6. Every Doctor Should Start A Micro-Corporation
If you are an attending physician who works more than 1 job, receives any 1099 income, or is tired of traditional employment and looking for a change, you should start a professional micro-corporation. It will help you flourish in the evolving world of physician labor—a space that is increasingly diverse, non-permanent, and locality independent-the perfect recipe for a virtual micro-corporation.
One of the things that fuels Gen Z’s passion for starting a small business is the autonomy that it provides them to do good. This is especially appealing to Gen Z doctors who want to tap into the altruistic motives that led them to a career in medicine. While traditional medicine tends to strip them of purpose and meaning in their work, a professional micro-corporation allows one to preserve it. As one Gen Z said about their inspiration to start a business “The best part about being an entrepreneur is that we’re very mission-driven and believe that what we’re going to do is going to change lives for the better and help cities become better places to live.”
For this reason, I believe every resident in the country should consider starting their professional micro-corporation before graduating from residency and taking their first job. It will place them in a position to flourish in the new world of physician work—while supporting a desired lifestyle and quality of life with the underpinnings of autonomous work that is filled with purpose and meaning.
Ultimately a professional micro-corporation can be used by a doctor for any job they encounter.
If you need some support on how you can start your own professional micro-corporation, you can reach out to me for a free 45-minute business coaching session from SimpliMD. This $500 value will cost you nothing and will help determine if you would benefit from taking the next step with our team to form your professional micro-corporation.
You can schedule it at this link.https://calendly.com/drinc/45min.
Professional Micro-Corporations For Any Job
Professional micro-corporations can be used as an alternative to traditional employment (W-2) via what is called and employment lite contract (long-term 1099 work). This is what I do.
Tired of the system and would rather go off the grid with Direct Primary Care or Direct Specialty Care? A professional micro-corporation is perfect for this.

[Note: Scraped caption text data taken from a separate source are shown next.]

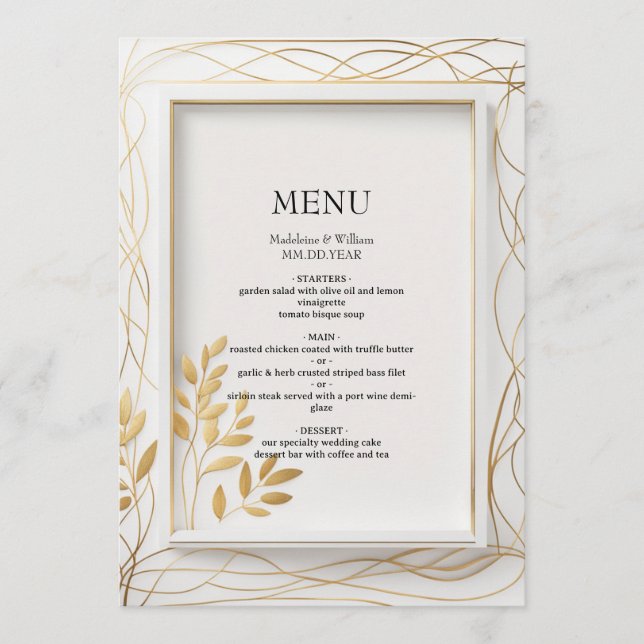 Elegant Guld minimalistisk eukalyptus Bröllop Meny (Framsida)
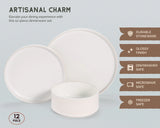 Kook Hearthstone Ceramic Dinnerware Set, 12-Piece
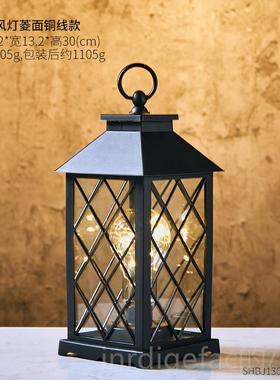 新款美式餐创意古小夜灯怀旧复客厅装饰简品艺术摆件卧室约厅桌面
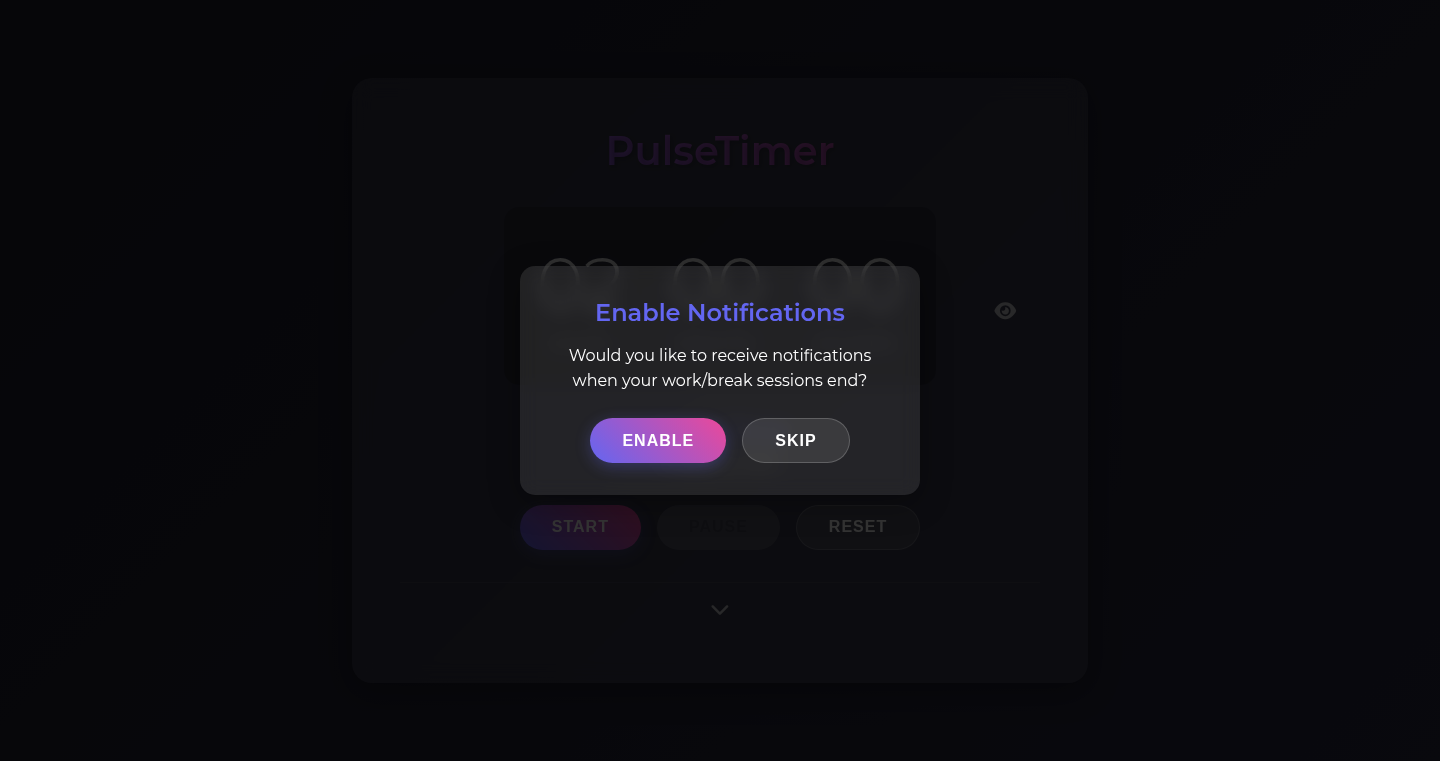 PulseTimer - 自己でホストできる、すっきりとしたワーク/ブレイクタイマー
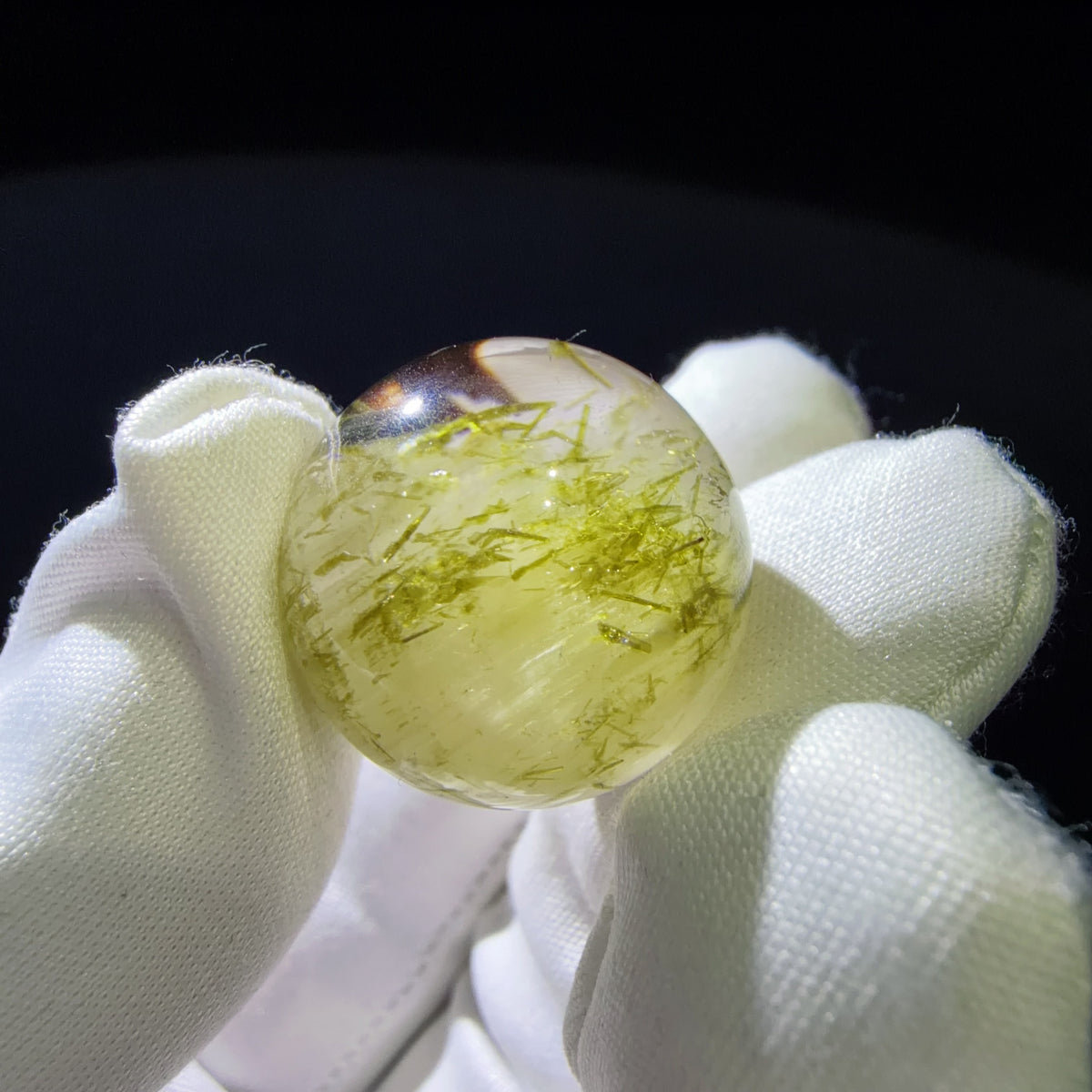 Quartz Bead with Epidote Inclusions 20.3 mm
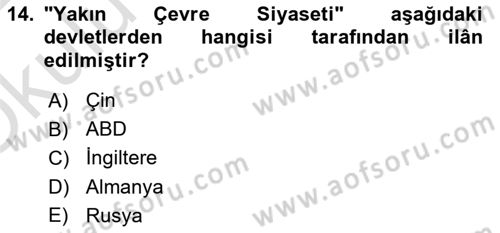 Diş Politika Analizi Dersi 2021 - 2022 Yılı Yaz Okulu Sınav Soruları 14. Soru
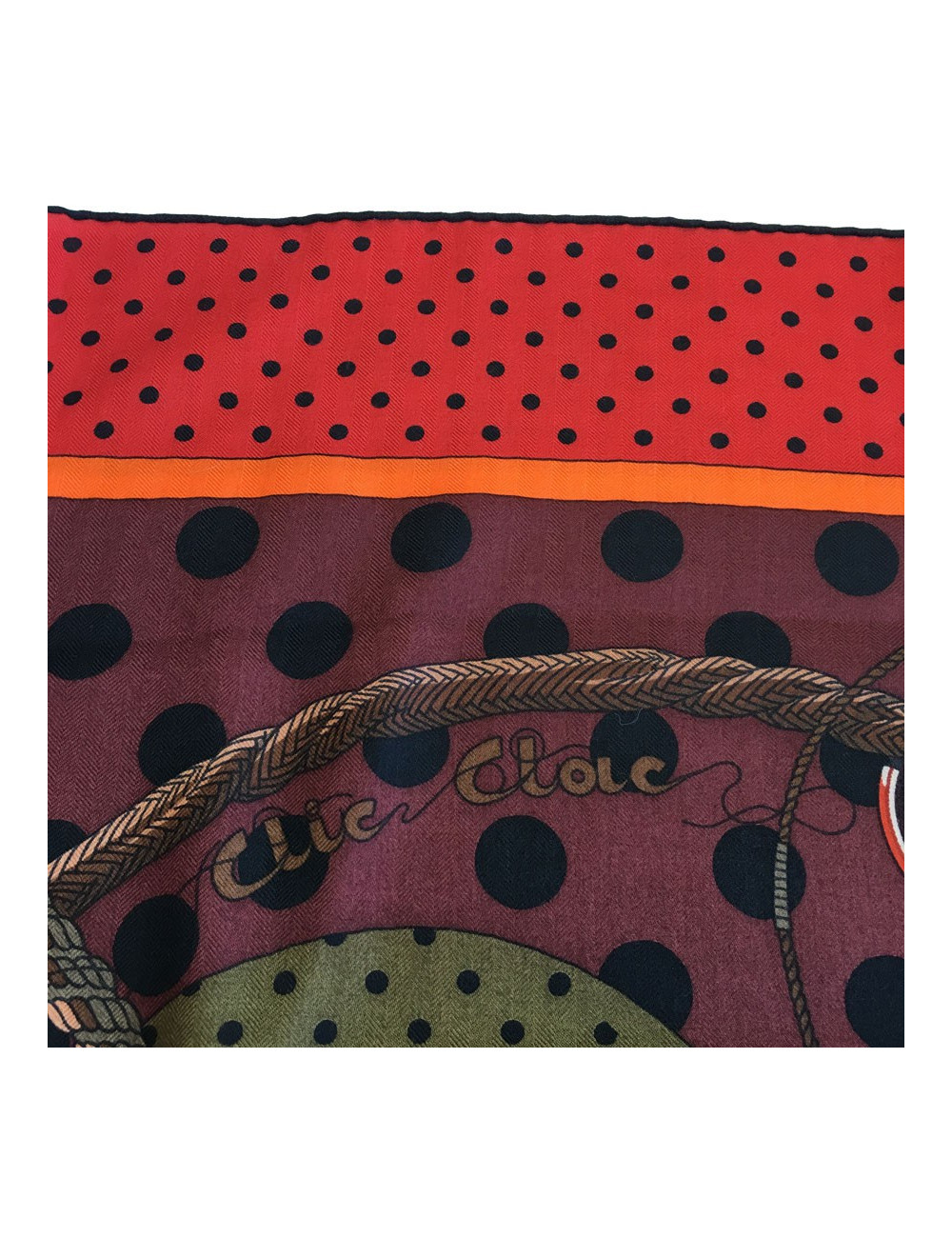 HERMES "Clic Clac à pois" shawl in cashmere and silk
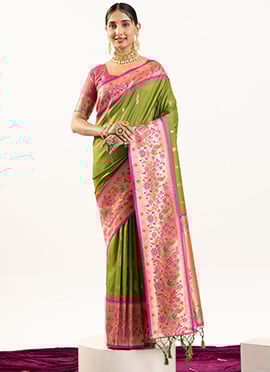 Mehendi Green Soft Banarasi Silk Zari Jacquard Saree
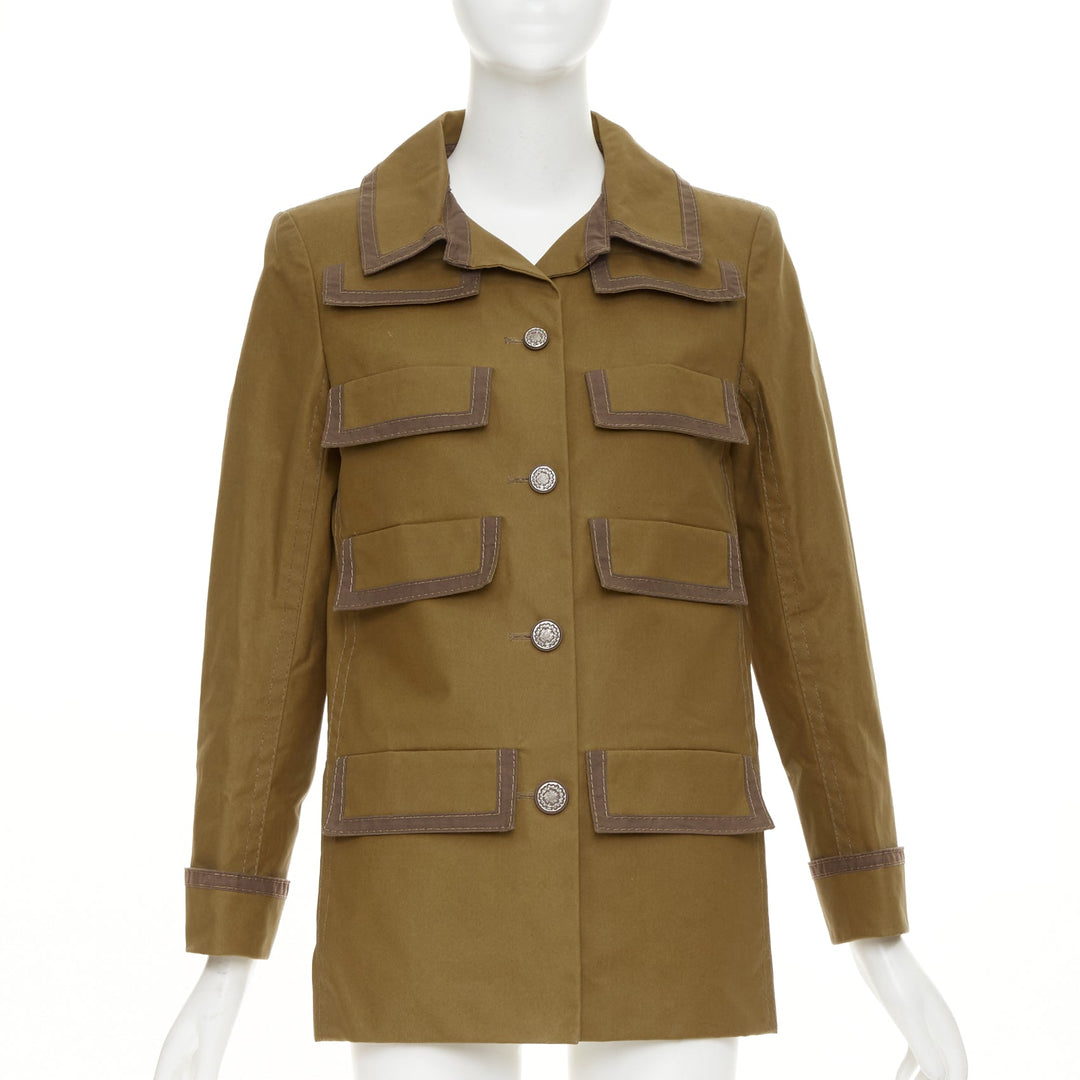 CHANEL 20C Runway multipocket bronze cotton safari jacket FR42 L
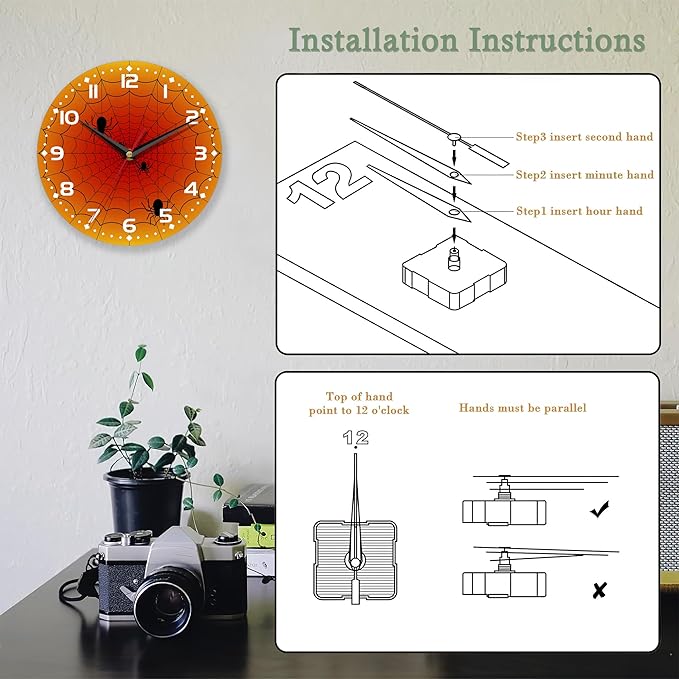 Wall Clock,Orange Spider Web Wall Clocks Wooden Art Hanging Clock Silent Non-Ticking Wall Clocks Battery Operated Round Home Arabic Numeral 10 Inch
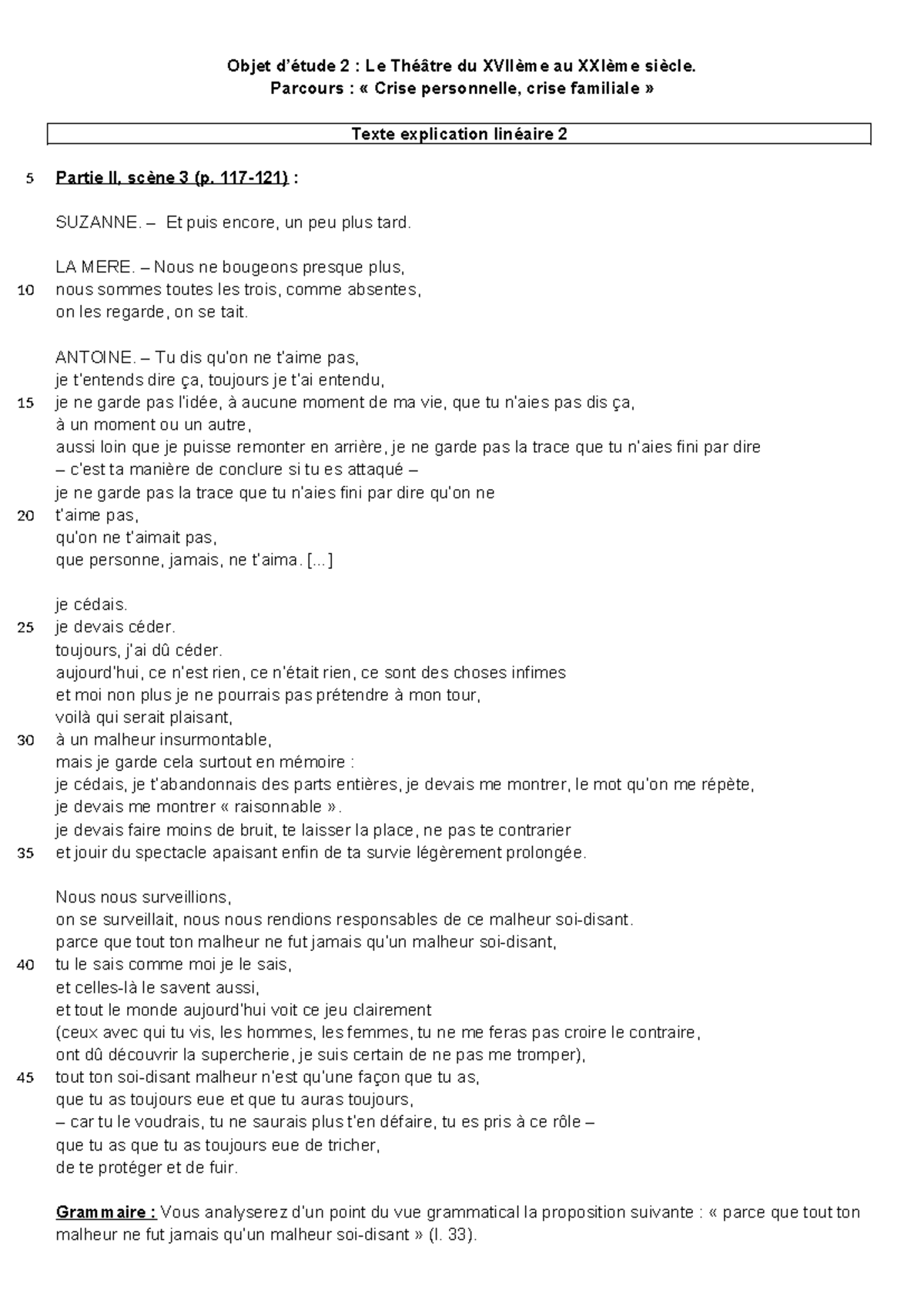 Jean-Luc Lagarce Oral texte 2 Scène 3, IIe partie + corrigé - Objet d ...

Prefer locums so you can travel and pick and choose when and where you work? A professional micro-corporation is the ideal structure for this independent contracting work
Love your full-time or part-time employment job as a W-2 worker, but are among the 40% of doctors who take on side work. A professional micro-corporation will allow you to keep more of those side income dollars in comparison to sole proprietors and W-2 workers.
Moonlighting as a resident and wondering how to best manage your extra income? Your medical degree in connection to an independent medical license (which most states allow you to apply for a license after 1 year of training), you now possess the power to form a professional micro-corporation. This is a great time to learn how to run your virtual small business and tap into the tax advantages afforded small businesses in the tax code.